The nurse of the ward said to me, "if ever there was a good man in the hospital, he is one, and he is so grateful for everything. I am sure I never do any little act of kindness for him — but in spite of all his pain, the smile comes upon his lip." I thanked God for that testimony.
A few days after, when sitting by his side, I talked to him of the joys of Heaven that were awaiting him; being unable to speak, he made signs for the slate to be given him, and slowly wrote "I have the pledge of Heaven within my heart already." The following day when there, I thought he was insensible, and I said to his wife, "What kind of a night has he passed?" She answered "a terrible one. He has been delirious most of its hours; but even in his delirium his thoughts have wandered to the best of things; for he has recovered his voice and sung a hymn right through." Our brother came around and said, "Did I really sing a hymn last night, darling? Which one was it?" She replied,
"Jesus the very thought of Thee,
With sweetness fills my breast;
But sweeter far your face to see,
And in your presence rest."
I could not help asking to what tune he sang it. He, motioning to his wife not to speak, said "I think I know which one it must have been, for I am so fond of it. Was it not this?" And to my surprise, summoning all his strength, he commenced singing the sweet song.

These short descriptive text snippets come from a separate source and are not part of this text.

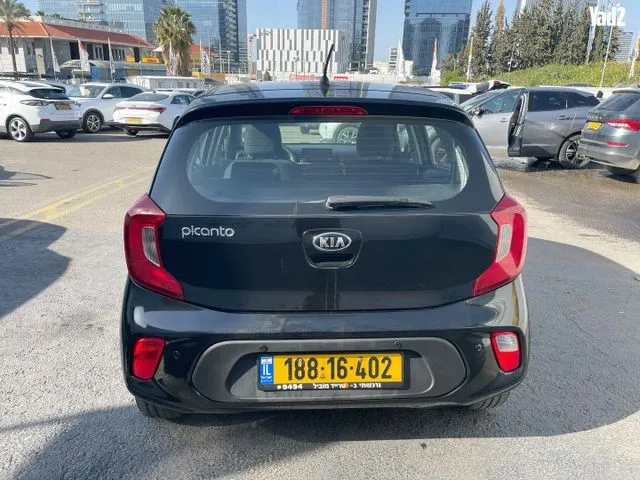 קיה PICANTO 2020 - תמונה 3 מתוך מודעת מכירה של הרכב הזה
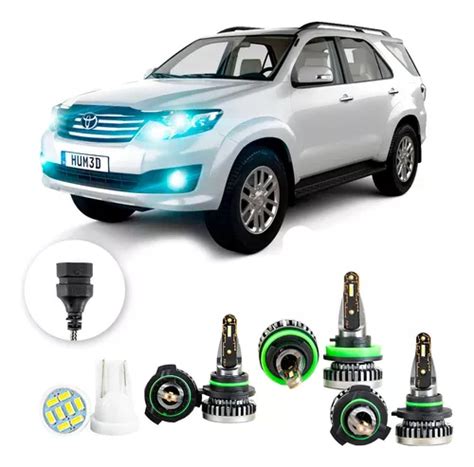 Kit Ultra Led Nano Toyota Hilux Sw4 2012 A 2016 30000lm Frete grátis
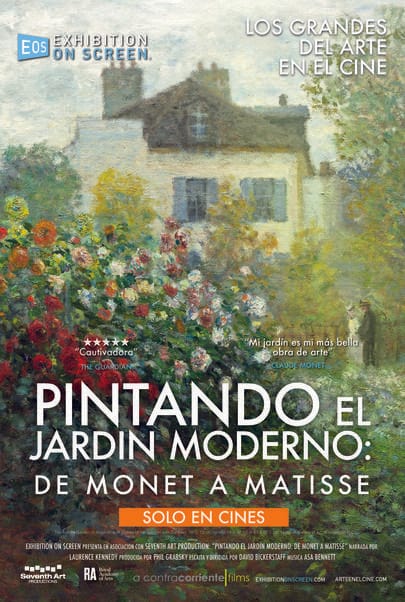 Embajadores del arte: Pintando el jardín moderno, de Monet a Matisse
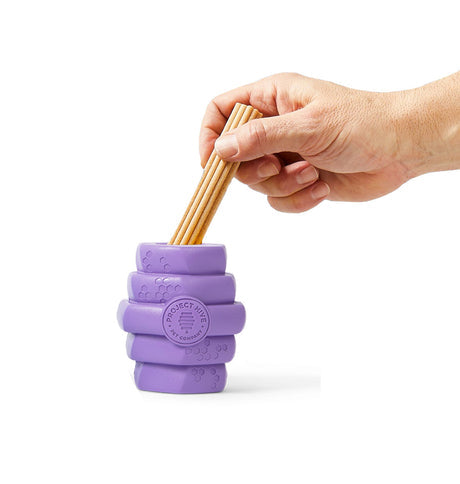 Hive Chew Toy - Calming Lavender Scent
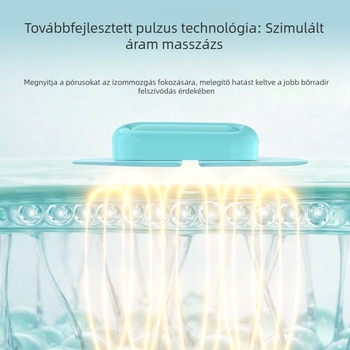 EMS arcformázó masszázsmaszk – lifting és feszesítés, javítja a megereszkedő bőrt, nazolabiális redőket, a száj sarkát és a szem körüli ráncokat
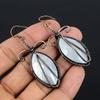 Smoky Topaz Earrings Gemstone Jewelry, 999 Copper Wire Wrapped Earrings, Handmade Beautiful Jewelry Earrings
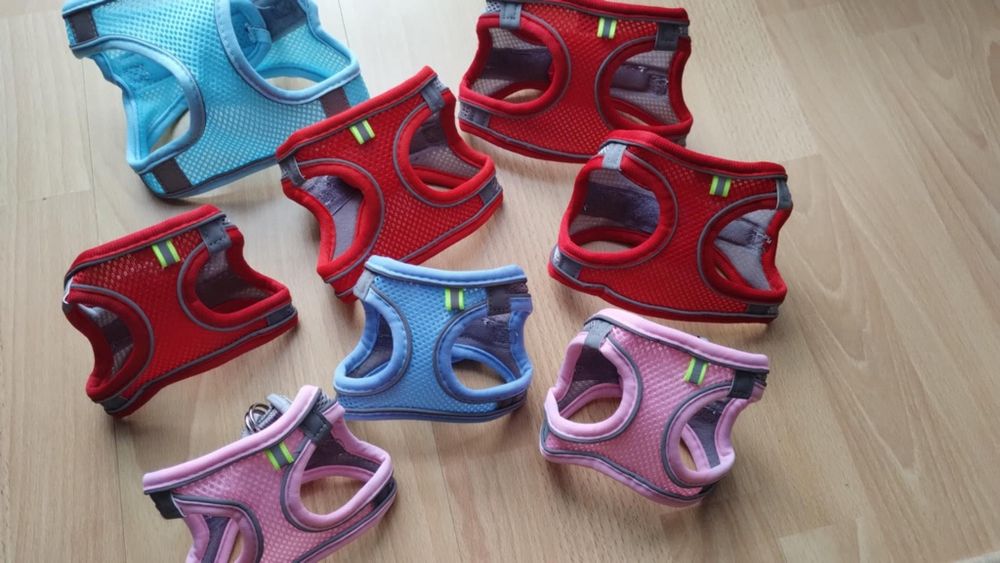 Szelki XXS XS dla psa lub kota nowe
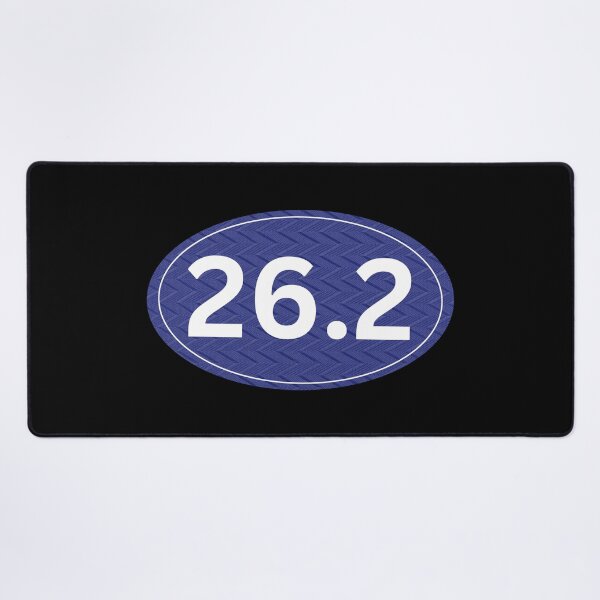 Item preview, Purple Zig Zag, Marathon 26.2 - White designed and sold by LatterDaze.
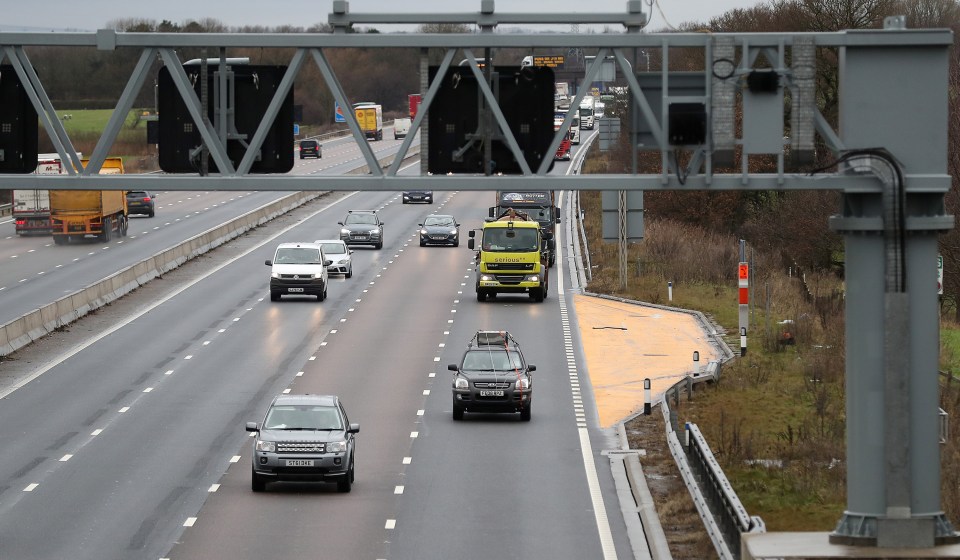 Safety targets for detecting breakdowns on smart motorways are being missed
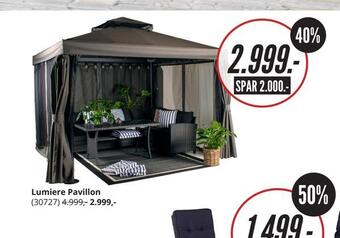 My Home Lumiere pavillon tilbud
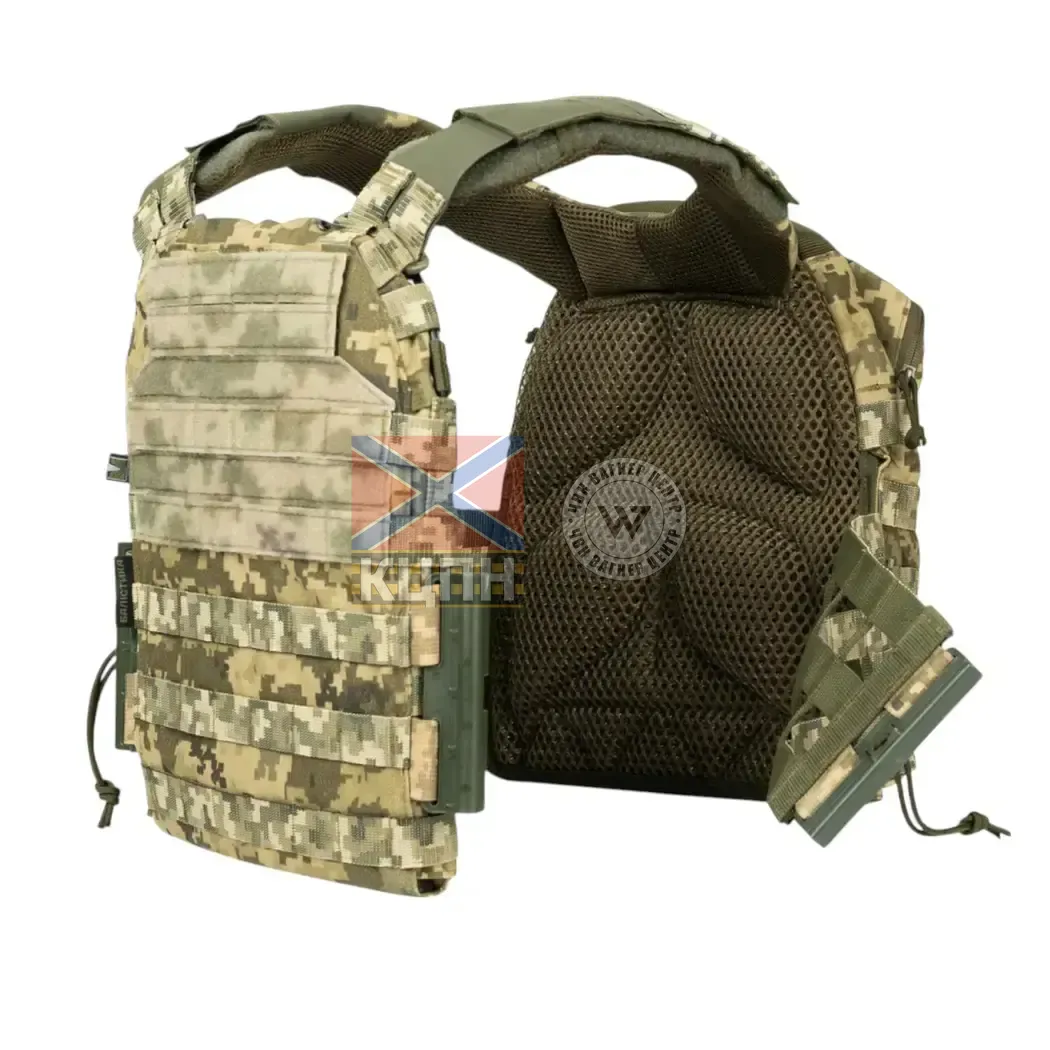 Плитоноска М3 Pro (XL 27х33 см) з системою швидкого скидання 9-2173 фото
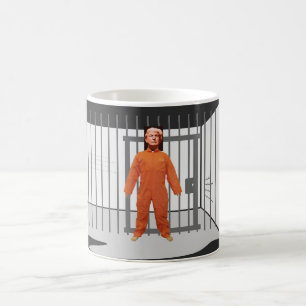 Trump Prisoner Coffee Mok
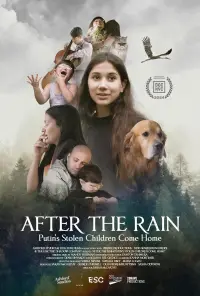 Poster to the movie "After the Rain: Putin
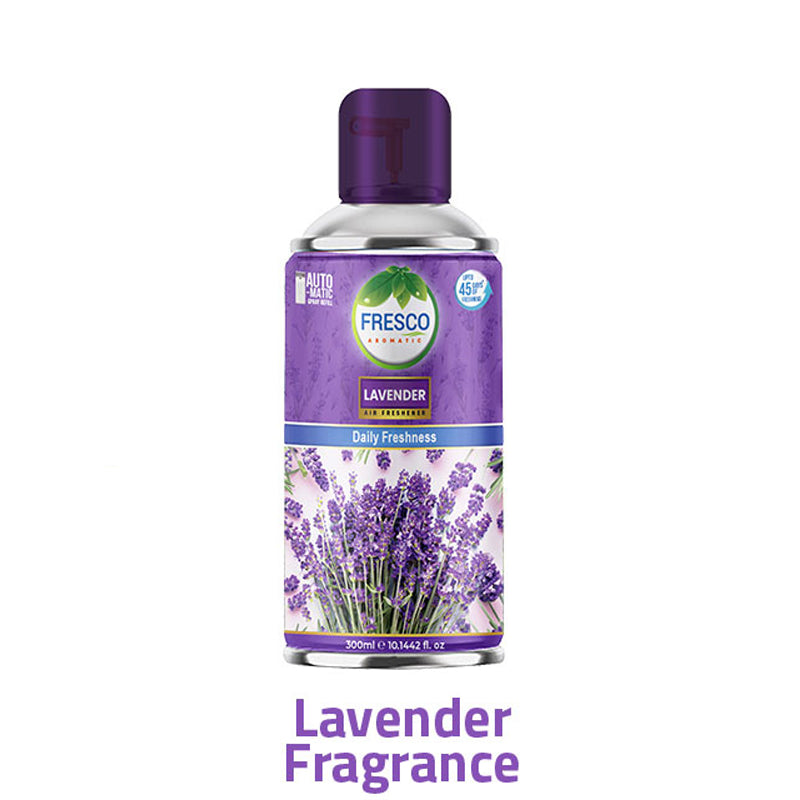 LAVENDER Fresco Automatic Air Freshener Refill - Madina Gift
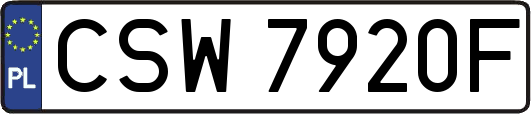 CSW7920F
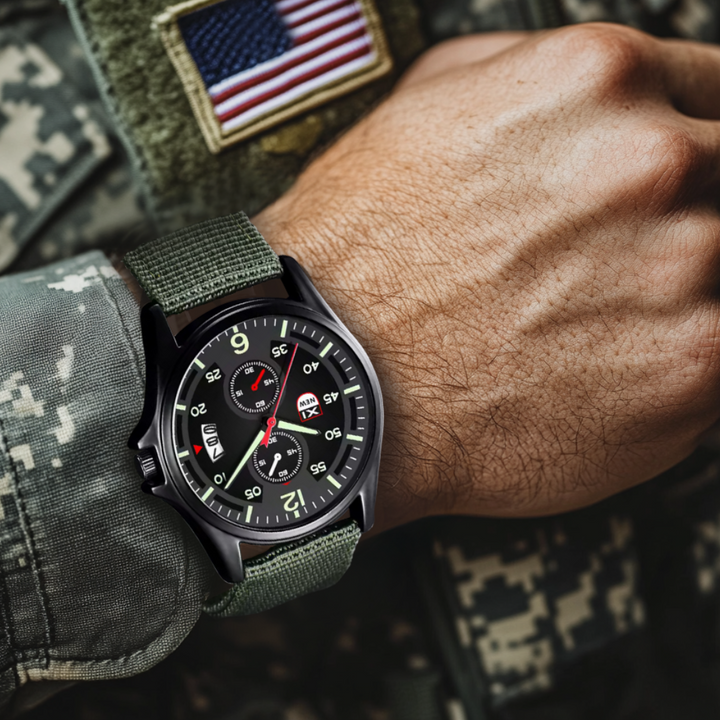 Military Quartz Watch™ - Vogue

Looking to his wife, he said, "Was that not it?" And she answered, '"Yes." At the close of this service we will sing this same hymn to the same tune. May the Lord help us to sing as sincerely as he did.
Just before he died he said to me, "You know, Pastor, it was always my desire to enter the ministry and be devoted to the Lord's work; but now I pray that I may be like Samson, and by my death slay more than by my life." It is in the hope that our brother's prayer may be answered, that I have told these simple but touching facts.
After the most intense agony, accompanied with joy truly astonishing, the Lord gave the sufferer rest on Friday evening. "Our friend, George Starling, sleeps." The Lord grant that when the summons comes to us, Jesus may say, "My friend;" and after death may it be truthfully recorded, "he only sleeps." The Lord grant it for his name sake. Amen.